The system of meteopathology forecast models for brown rust progression, based on both revealing a multitude of correlations between the disease-damage parameter values, the meteorological factors, and the solar activity and further revealing the dominance trends on their changing has been developed. Thus, based on the model used in the 2009–2020 experiments, it was revealed that the brown rust progression rate is mostly increased with the increases in the number of temperature degrees above 10°C in May and the precipitation amount in June.
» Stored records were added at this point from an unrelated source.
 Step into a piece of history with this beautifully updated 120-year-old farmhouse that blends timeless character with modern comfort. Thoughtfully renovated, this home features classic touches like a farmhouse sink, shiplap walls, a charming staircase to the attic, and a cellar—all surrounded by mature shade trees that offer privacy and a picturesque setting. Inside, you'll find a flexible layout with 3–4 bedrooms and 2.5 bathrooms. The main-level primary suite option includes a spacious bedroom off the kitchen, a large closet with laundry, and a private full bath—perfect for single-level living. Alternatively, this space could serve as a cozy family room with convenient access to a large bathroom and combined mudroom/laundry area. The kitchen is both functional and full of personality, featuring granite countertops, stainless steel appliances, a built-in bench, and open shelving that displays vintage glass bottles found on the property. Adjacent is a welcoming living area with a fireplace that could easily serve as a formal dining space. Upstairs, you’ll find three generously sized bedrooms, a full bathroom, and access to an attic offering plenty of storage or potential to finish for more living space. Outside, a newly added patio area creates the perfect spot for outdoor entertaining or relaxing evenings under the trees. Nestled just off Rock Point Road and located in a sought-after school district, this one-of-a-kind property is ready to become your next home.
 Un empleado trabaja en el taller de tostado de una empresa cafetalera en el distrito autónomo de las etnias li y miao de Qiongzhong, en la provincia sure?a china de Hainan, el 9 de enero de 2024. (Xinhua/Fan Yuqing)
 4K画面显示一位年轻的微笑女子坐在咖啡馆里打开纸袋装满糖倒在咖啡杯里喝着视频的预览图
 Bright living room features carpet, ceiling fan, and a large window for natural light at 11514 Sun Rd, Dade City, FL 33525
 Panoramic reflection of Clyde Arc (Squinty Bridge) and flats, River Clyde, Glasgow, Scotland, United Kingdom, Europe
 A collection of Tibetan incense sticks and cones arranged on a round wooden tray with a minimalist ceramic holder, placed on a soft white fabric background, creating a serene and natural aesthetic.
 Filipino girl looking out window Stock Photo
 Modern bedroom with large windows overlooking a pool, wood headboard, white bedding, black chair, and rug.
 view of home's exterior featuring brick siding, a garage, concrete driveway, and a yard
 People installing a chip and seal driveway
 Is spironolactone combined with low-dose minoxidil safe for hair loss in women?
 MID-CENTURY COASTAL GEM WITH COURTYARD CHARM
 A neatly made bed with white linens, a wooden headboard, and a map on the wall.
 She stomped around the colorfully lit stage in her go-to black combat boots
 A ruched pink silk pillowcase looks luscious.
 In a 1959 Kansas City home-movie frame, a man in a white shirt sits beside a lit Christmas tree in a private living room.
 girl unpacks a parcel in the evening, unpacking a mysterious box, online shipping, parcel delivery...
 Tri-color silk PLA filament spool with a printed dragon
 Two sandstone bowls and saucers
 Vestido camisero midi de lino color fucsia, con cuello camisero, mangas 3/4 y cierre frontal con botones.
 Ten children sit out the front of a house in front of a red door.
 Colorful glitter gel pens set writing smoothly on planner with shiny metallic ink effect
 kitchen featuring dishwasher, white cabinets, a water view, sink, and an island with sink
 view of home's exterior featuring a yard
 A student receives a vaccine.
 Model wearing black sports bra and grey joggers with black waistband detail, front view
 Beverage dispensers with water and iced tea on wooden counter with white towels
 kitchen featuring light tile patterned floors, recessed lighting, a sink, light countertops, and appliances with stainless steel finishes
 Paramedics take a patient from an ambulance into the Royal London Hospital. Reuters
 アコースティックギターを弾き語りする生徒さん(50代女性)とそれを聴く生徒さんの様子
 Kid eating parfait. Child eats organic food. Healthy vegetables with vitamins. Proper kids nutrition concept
In addition, the rates of the wheat brown rust progression tended to decrease with the increased rates of damage caused by septoria and powdery mildew.

The survey results may be of certain interest for grain production industries, including agricultural enterprises specializing in growing wheat as food, forages, and seeds. They should be useful for seed breeding and farming and developing the mechanisms for organic agriculture. The mathematical models produced and described above may be used to develop the information systems for expert monitoring the agrocenoses in the phytosanitary context, forecasting, and supporting the decision-making in plant protection.